3D World
- Cover for the final issue (December 2024), featuring The Wild Robot
- Editor: Richard Hill
- Categories: Computer magazine, visual effects
- Frequency: Every four weeks, 13 per year
- Circulation: 8,052 (January - December 2016)
- Publisher: Stuart Anderton
- Founded: 2000
- Final issue: December 2024
- Company: Future plc
- Country: United Kingdom
- Based in: Bath
- Language: English
- Website: www.3dworldmag.com
- ISSN: 1470-4382

= 3D World =

British 3D technology magazine

3D World is a magazine and website published by Future plc whose main focus is 3D animation, visual effects, video game design, illustration and architectural visualisation. 3D World appeared every four weeks and was sold in the UK, the US, in mainland Europe, Australia, New Zealand, South Africa and many other countries. It was also sold as a digital replica for tablet computers.
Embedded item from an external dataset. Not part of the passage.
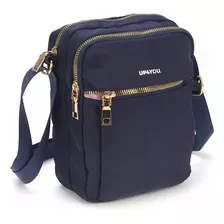 Bolsa Casual Feminina Up4you Alça Transversal Nylon Luxcel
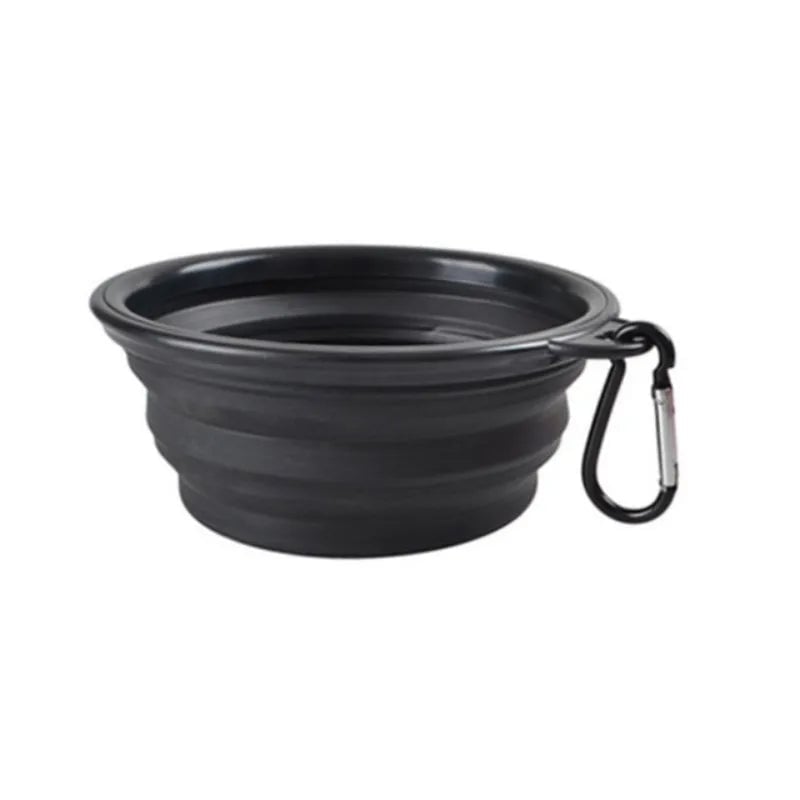 Collapsible TPR Silicone Pet Bowl - Portable Travel Food Water Bowl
The magazine ceased publication after being shut down in October 2024.

==Regular content==
- Exhibition: gallery of digitally created images submitted by readers.
- Pre-Viz: news from the computer-generated imagery industry.
- Feature: articles on a topic or project which have included areas such as open source software, film special effects, starting up a visual effects studio and machinima.
- Tutorials: software tutorials for various 2D, 3D and compositing packages.
- Q&A: includes "Question of the Month" and "Quick Question" where a team of industry specialists answer readers' questions on techniques to use in several software packages.
- Reviews: reviews on training materials, hardware and software.